Chaque mouvement, disait-elle, capture une émotion spécifique liée aux paroles de Jésus, allant de la compassion et de l’espoir à l’angoisse et à la résignation. L’œuvre invite à réfléchir sur les thèmes intemporels de la souffrance, de la rédemption et de la paix. Raphaël Garac, en début de mouvement, en annonçait le titre.
Père, pardonne-leur, car ils ne savent pas ce qu’ils font évoquait la compassion et le pardon, la miséricorde de Jésus. Aujourd’hui, tu seras avec moi au paradis ouvrait sur un sentiment de réconfort et d’espoir. Femme, voici ton fils témoignait de l’amour de Jésus pour sa mère. Mon Dieu, mon Dieu, pourquoi m’as-tu abandonné? exprimait le désespoir et l’angoisse de Jésus puis J’ai soif sa vulnérabilité humaine. Tout est accompli résonnait comme une acceptation de la fin que concluait dans la paix retrouvée : Père, entre tes mains je remets mon esprit.
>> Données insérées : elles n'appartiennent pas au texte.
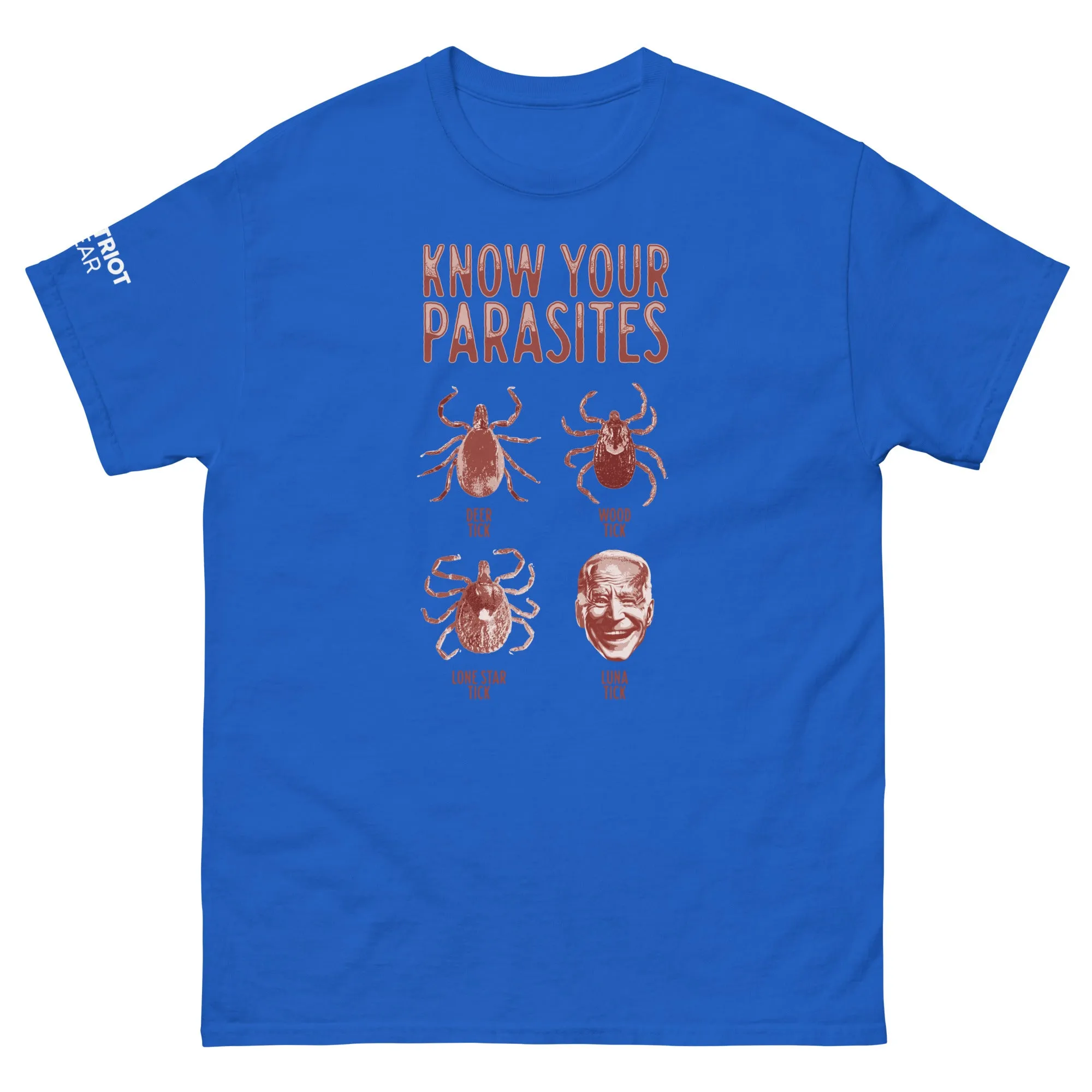 Know Your Parasites Shirt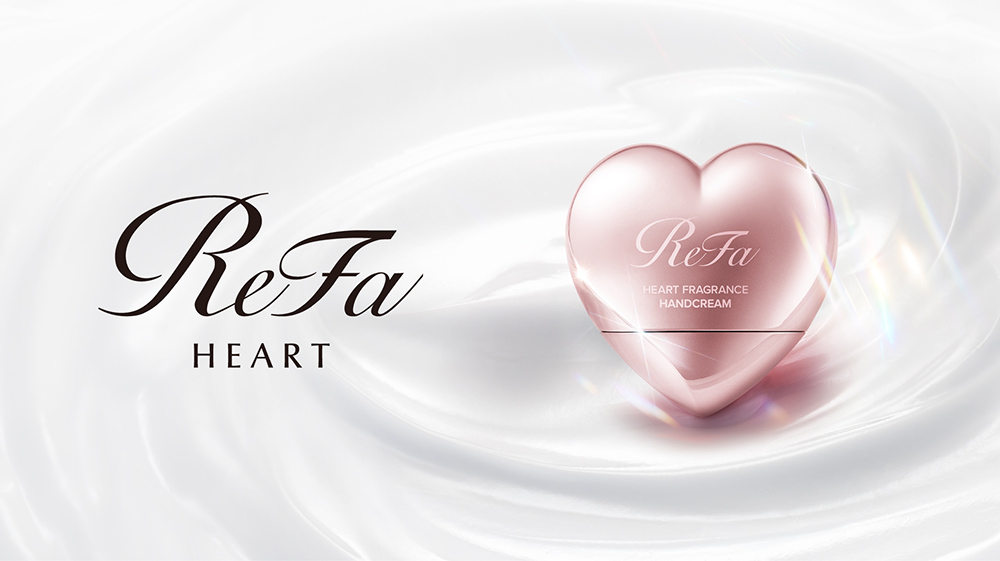 手肌も、気分も、うるおいプラス。魅惑の香りが、ハートを満たす。「ReFa HEART FRAGRANCE HANDCREAM」2025年12月10日（水）ReFa GINZAにて新発売
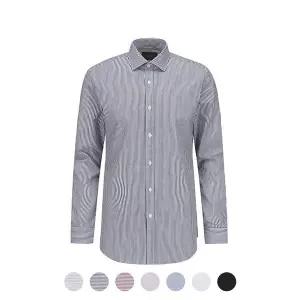 [앤드지] 라이트 세미와이드 카라 드레스 셔츠_BLB5WD1501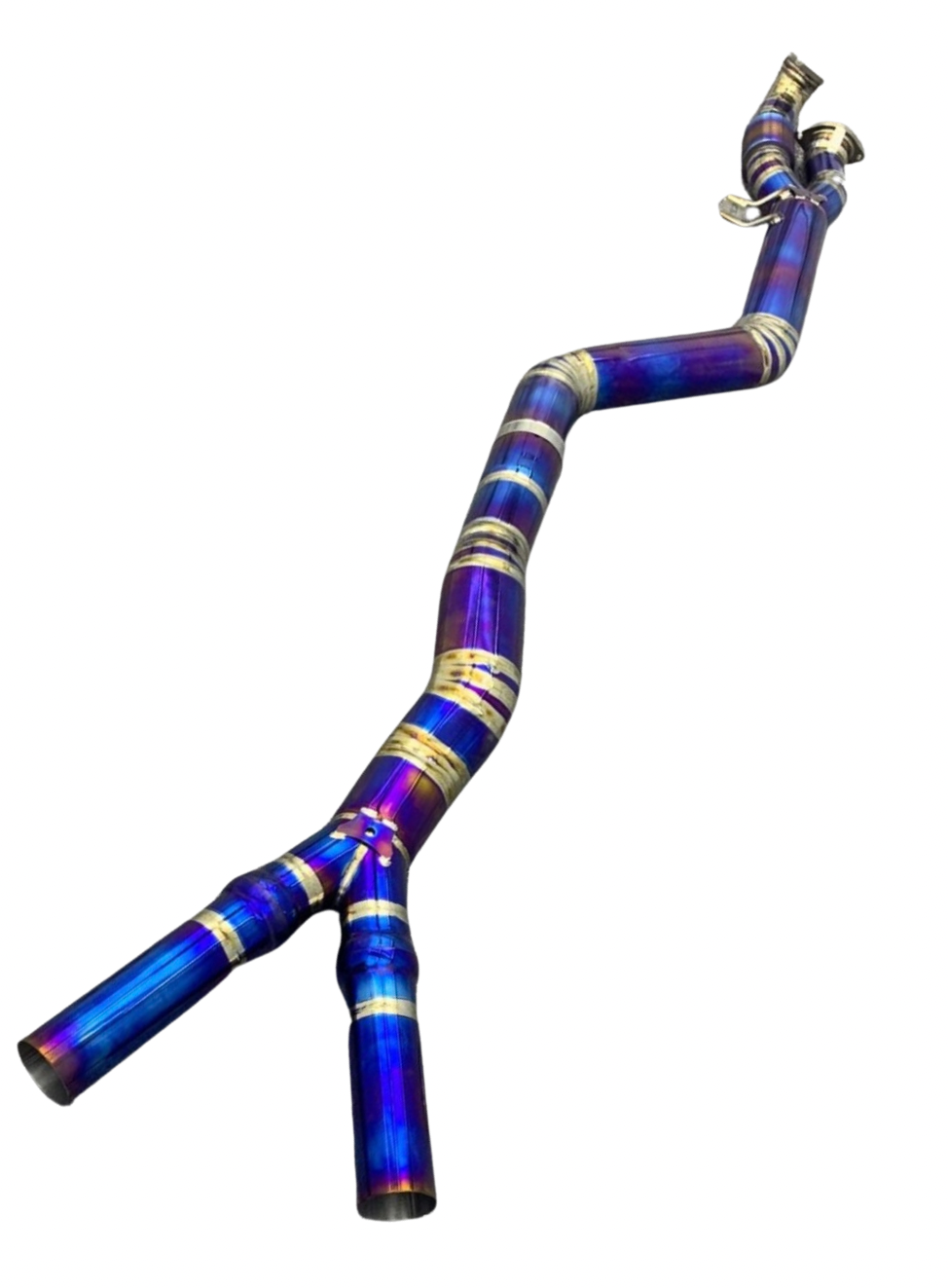 BMW G8X M3 M4 S58 Single Midpipe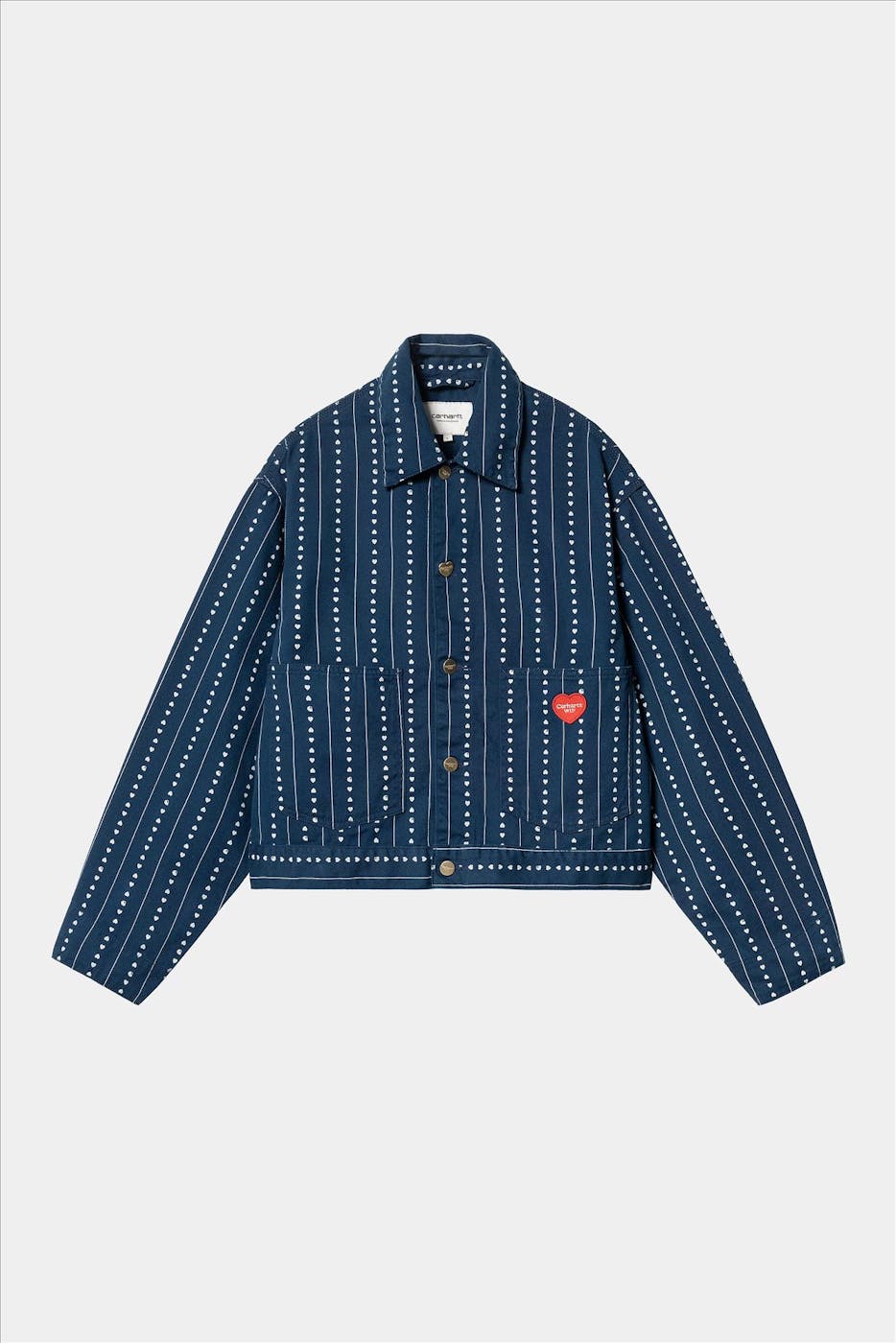 Carhartt WIP - Donkerblauwe Drewe jacket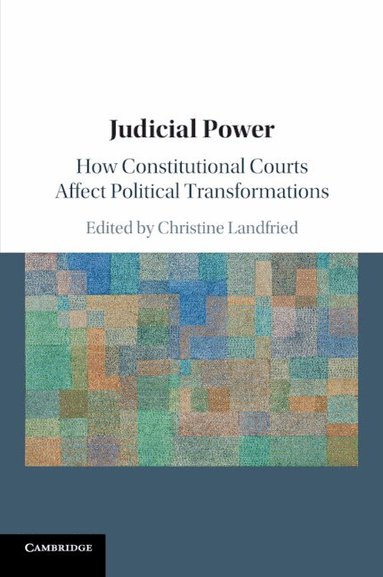 Christine Landfried - Judicial Power, Häftad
Un tremblement de terre clôturait les sept mouvements. Les quatre instruments étaient réunis pour un puissant accord de gestes nerveux, de rythmes rapides et virtuoses parce que réunis pour dire une même anxiété devant des certitudes qui se dérobent. Les violons explosaient en traits presque violents et l’alto répondait par des sons plus rugueux, tandis que le violoncelle pulsait comme un cœur qui palpite.
Energie du live
Seule la présence tout près des instrumentistes donne aux lignes mélodiques leurs si fortes résonances. Chaque instrument se dissout dans l’autre, les frontières deviennent floues et pourtant sensibles, les changements de volume, les variations de rythme alternent les atmosphères. On trouve une surface sonore où le silence devient aussi velouté que le son. C’est la force vive du live.
Et la force de Raphaël Garac, Meiko Nakahira, Paolo Schena et Pauline Boudon.